I should start with a clarification: The White Pass and Yukon Road Railroad does not technically have a ghost train. Sure, some of the passenger cars looked pretty old, and the track was built way back at the end of the nineteenth century during the Klondike Gold Rush, and the fog was thick enough to cut with a butter knife had we thought to bring one, but the train I rode wasn’t actually haunted. Or so I hoped.


I boarded the train in Skagway, Alaska as part of a day trip over the border during a family trip to Whitehorse. Skagway, if you’ve never seen it, is a drop dead gorgeous tourist town. Mountains tower on either side of pastel false-front stores and wooden boardwalks. There’s a train depot and a coffee shop and a store filled with the most gaudy souvenirs you can find, half of which contain some form of the Bald Eagle (just in case you forgot Alaska was a part of the USA). Even in pouring rain, the place looks like the image off a postcard - which is good, since I heard Skagway gets maybe two days of sun per year.
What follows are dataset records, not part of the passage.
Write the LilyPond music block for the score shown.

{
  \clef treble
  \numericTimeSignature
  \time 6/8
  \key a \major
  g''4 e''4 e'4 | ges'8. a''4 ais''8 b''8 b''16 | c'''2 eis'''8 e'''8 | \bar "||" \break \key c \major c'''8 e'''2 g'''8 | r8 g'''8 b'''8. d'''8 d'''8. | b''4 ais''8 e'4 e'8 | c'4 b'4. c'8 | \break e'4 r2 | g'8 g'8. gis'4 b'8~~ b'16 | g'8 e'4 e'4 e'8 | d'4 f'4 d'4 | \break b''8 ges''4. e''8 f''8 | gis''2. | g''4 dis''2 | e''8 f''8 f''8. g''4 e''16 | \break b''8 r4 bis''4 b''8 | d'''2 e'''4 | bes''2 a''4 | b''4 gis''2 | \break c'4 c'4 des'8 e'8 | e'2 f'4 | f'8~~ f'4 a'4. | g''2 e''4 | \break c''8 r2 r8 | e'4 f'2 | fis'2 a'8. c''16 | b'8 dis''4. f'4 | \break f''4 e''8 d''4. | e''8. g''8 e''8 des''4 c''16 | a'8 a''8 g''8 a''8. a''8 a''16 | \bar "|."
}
Cruise ships like to stop at Skagway. There were three in the harbour when my family arrived, filling the town to the brim with eager sightseers. When I ignored the bright-coloured umbrellas and rain ponchos, it was easy to imagine the industry of Skagway back during the Gold Rush when hopeful would-be miners would gather at the town to prepare for their trek farther North into the Yukon.
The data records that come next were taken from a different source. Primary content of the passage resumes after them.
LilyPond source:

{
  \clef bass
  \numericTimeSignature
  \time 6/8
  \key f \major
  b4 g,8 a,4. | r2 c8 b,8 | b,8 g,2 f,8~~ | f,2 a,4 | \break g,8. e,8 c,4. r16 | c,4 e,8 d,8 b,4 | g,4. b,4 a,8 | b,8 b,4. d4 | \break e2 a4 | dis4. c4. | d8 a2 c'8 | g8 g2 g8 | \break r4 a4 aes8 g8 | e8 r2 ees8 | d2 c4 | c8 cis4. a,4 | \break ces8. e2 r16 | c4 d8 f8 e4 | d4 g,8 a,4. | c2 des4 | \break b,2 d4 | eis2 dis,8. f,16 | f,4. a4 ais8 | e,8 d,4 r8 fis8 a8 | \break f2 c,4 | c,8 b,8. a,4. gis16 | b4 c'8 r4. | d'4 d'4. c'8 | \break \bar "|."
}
Now imagine this: The border between Canada and the USA is nearly 3,000 ft above sea level at the top of the White Pass. Back before the railroad was built, Gold Rush stampeders weren’t allowed across the border without the required 1,000 pounds of supplies that would last them a year in the North, which meant as many as 10 to 20 week-long round trips up and down and up again.

And I’d thought it was bad enough packing for a week-long road trip! I’d thought a 24 hour drive over 3 days from Edmonton to Whitehorse was hard! At least I wasn’t climbing up and down a path about as wide as a train aisle with immovable mountain boulders on one side and a sheer drop off a cliff on the other.
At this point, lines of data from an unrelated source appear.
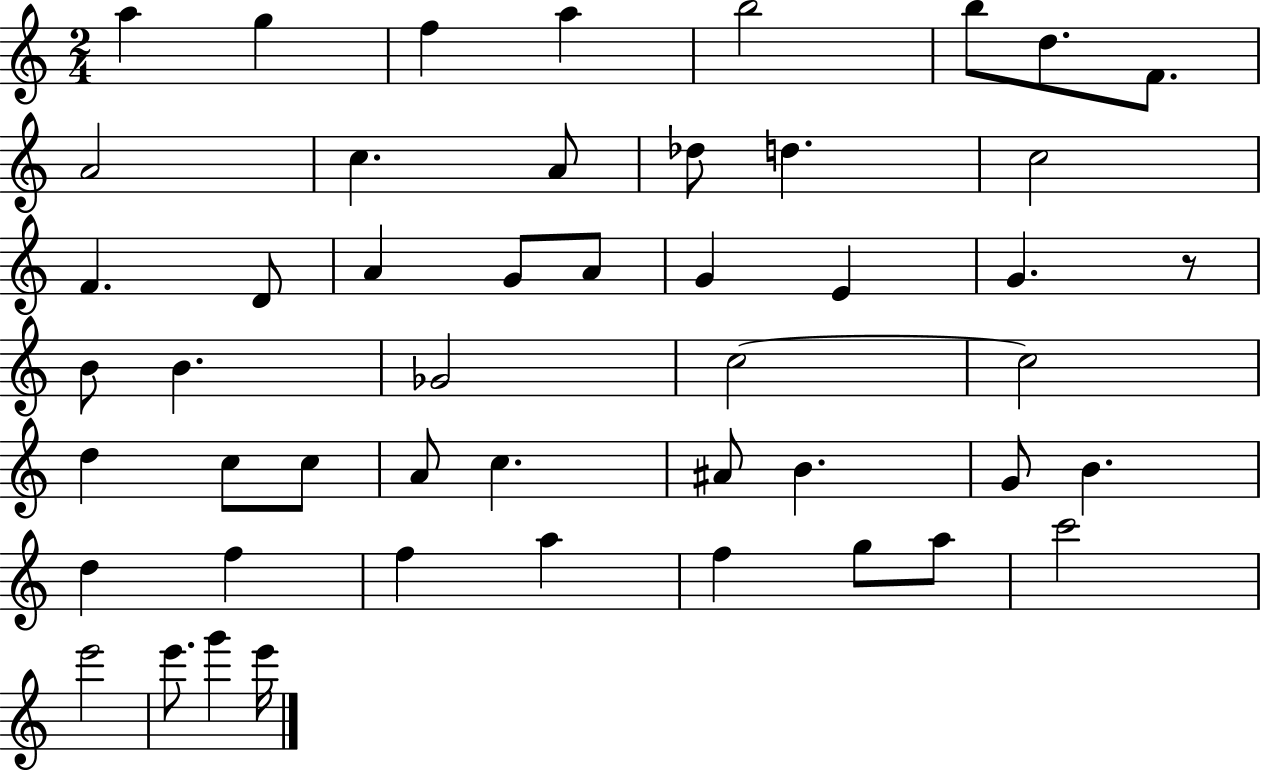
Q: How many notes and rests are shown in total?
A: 49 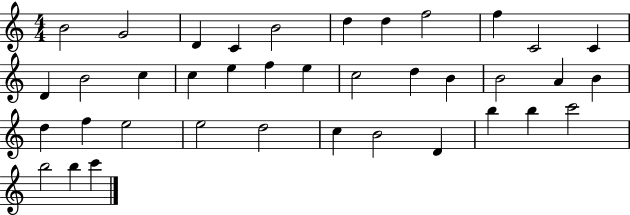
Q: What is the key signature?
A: C major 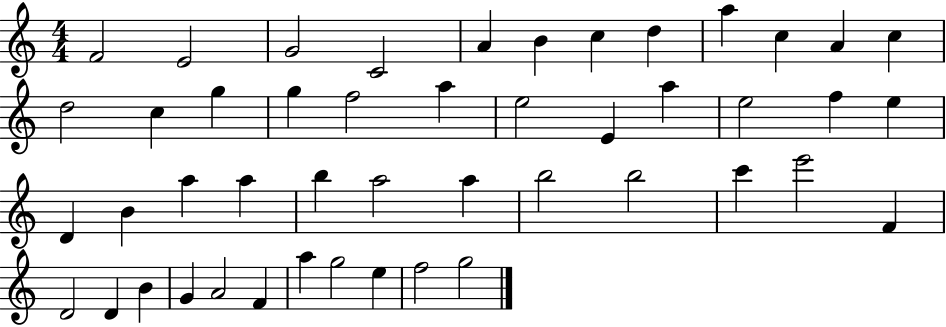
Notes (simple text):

F4/h E4/h G4/h C4/h A4/q B4/q C5/q D5/q A5/q C5/q A4/q C5/q D5/h C5/q G5/q G5/q F5/h A5/q E5/h E4/q A5/q E5/h F5/q E5/q D4/q B4/q A5/q A5/q B5/q A5/h A5/q B5/h B5/h C6/q E6/h F4/q D4/h D4/q B4/q G4/q A4/h F4/q A5/q G5/h E5/q F5/h G5/h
Speaking of sheer drops, there isn’t any shoulder of land between the track and the cliff. No, the railroad was built in only 26 months at the end of the nineteenth century, and that meant there wasn’t the time nor the resources to cut a track closer into the mountain.

Riding in that spooky ghost train, staring out the window into a drop that ended in sheer fog and nothing else, I noticed quite suddenly that the passenger car leaned to the left. I’d been fine up until the point when it hit me that most passengers were crowded on the same side of the train with little regard to weight distribution. Minutes later, the remains of a decrepit bridge passed by, barely visible in the gloom.

“I feel like I’m on a ghost train,” said my sister, snuggling close to my side.
And I thought of all the thousands of men who had worked so hard to complete this marvel in engineering - some of whom had died from cold and exposure, others from falling mountain debris. I thought of the town said to have existed halfway up the mountain where only trees dwell now. I thought of the little graveyard at the start of our journey where two bandits lay buried after dying in a shoot-out. I thought of a century’s worth of history viewed through the swirling white fog, and shivered a little in agreement, and held my sister’s hand all the way back down the mountain.